Lies that we may believe/tell part 2 (superstitions)

If a black cat crosses your way

It’s bad luck

If you walk under a ladder

It’s bad luck

If you break a mirror

It’s bad luck

Friday the 13th

It’s bad luck

A four-leaf clover

It’s good luck

I think that superstition can be one category of lies. Some superstitions are not really lies, rather they are a morphed version of the truth.

The reasons why these superstitions became famous and were believed blindly may be because of several logical explanations.

These superstitions may have stemmed from daily occurrences which people believed blindly. For instance, a black cat crossing your path may be bad luck because cats were supposedly witches but a totally logical explanation could be that many a time, people would be scared of a black cat at night because they blend with the darkness of the night and their eyes may illuminate and scare people. Maybe they would fall or they would meet with an accident. Moreover, there were no street lights in the dark, which means that these accidents would be more likely. So maybe that’s why people were told that a black cat crossing your path is bad luck. But nowadays with street lights, torches, and better understanding, this is more of a falseness.

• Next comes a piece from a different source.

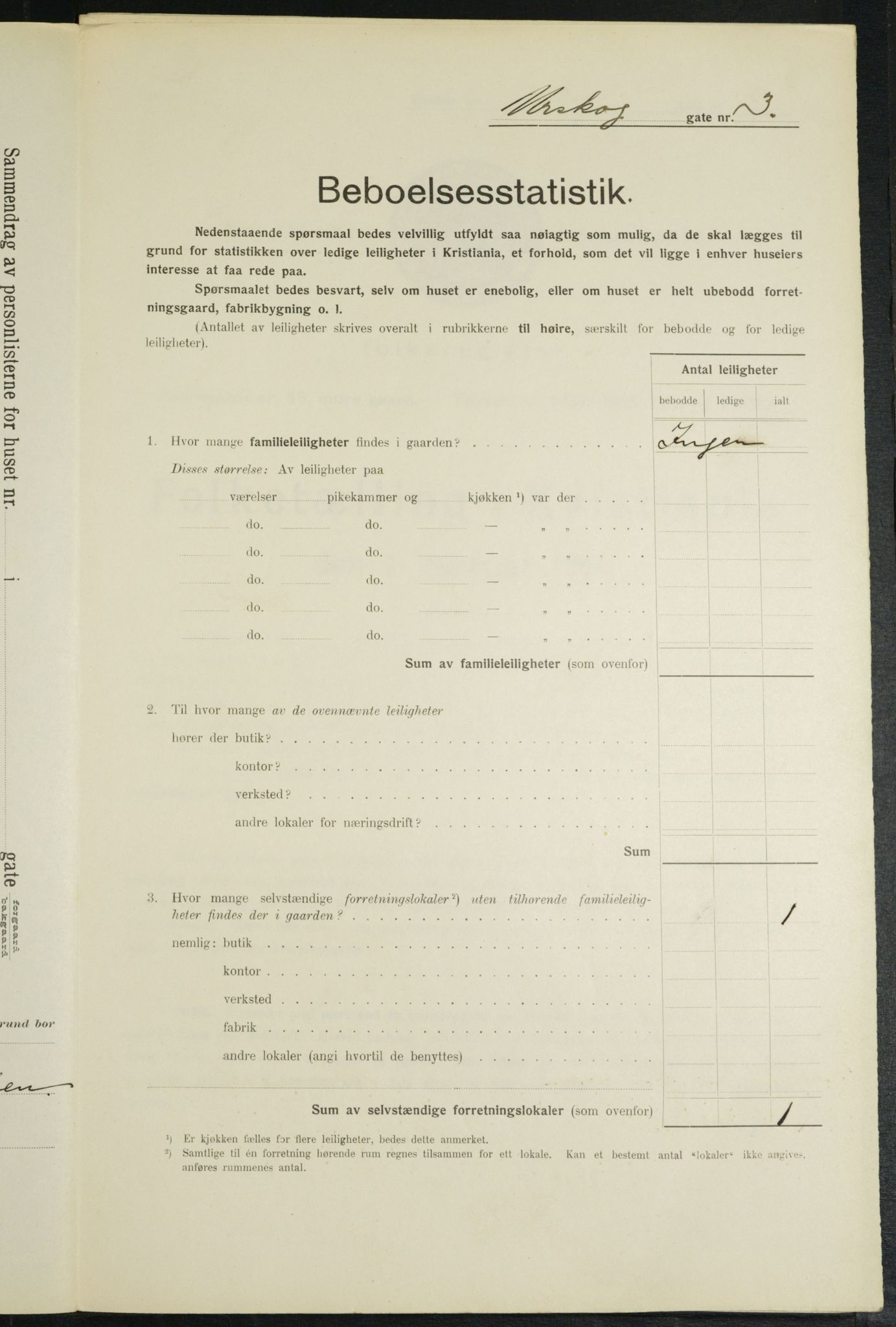 OBA, Municipal Census 1914 for Kristiania, 1914, p. 2552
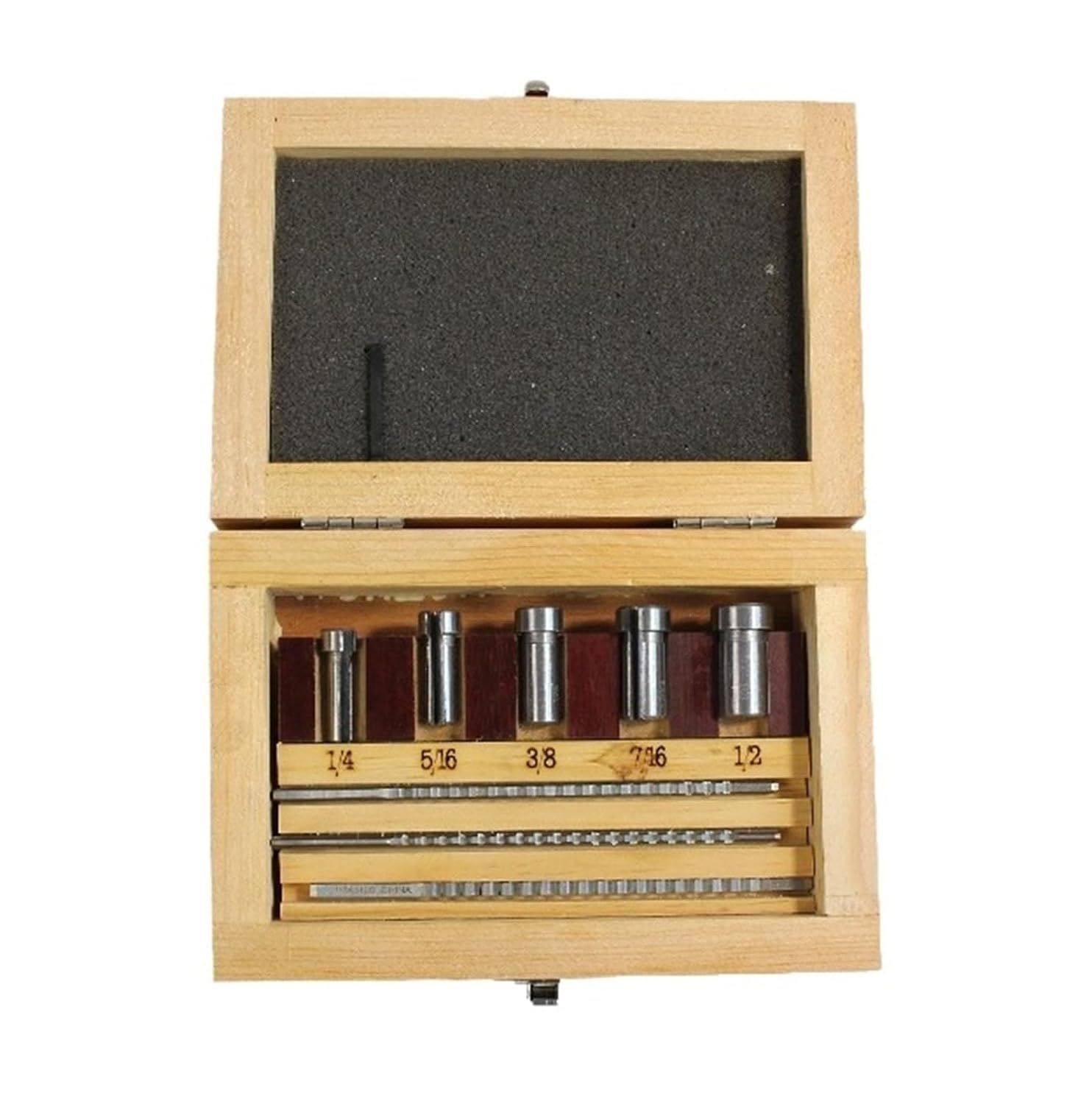 9PCS Push-Type Keyway Broach Set, Inch Sized High Speed Steel Broaches Teeth Cutting Tools for CNC Machine Heat Resistance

Walking under a ladder came about centuries ago when people (in England) drank ale at lunch and drunken painters and handyman would likely drop a bucket of paint if you walk under the ladder.

Broken mirrors were expensive at one time and once a maid broke it and she was sentenced to 7 years in prison. The superstition may have stemmed from this incident. Moreover, if you break a mirror, you may hurt yourself with the broken shards.

The reason that Friday 13th, in particular, is unlucky is due to the massacre of the Knights Templar by Phillip IV of France on Friday the 13th.

Maybe in the future, we would hear stuff which we would term as superstitions but our kids would say that we are lying.

So I think that many of the superstitions stemmed from a drop of truthfulness which was stretched out until the modernity of the current era and many of them are outdated.

Some superstitions are also based on people’s beliefs.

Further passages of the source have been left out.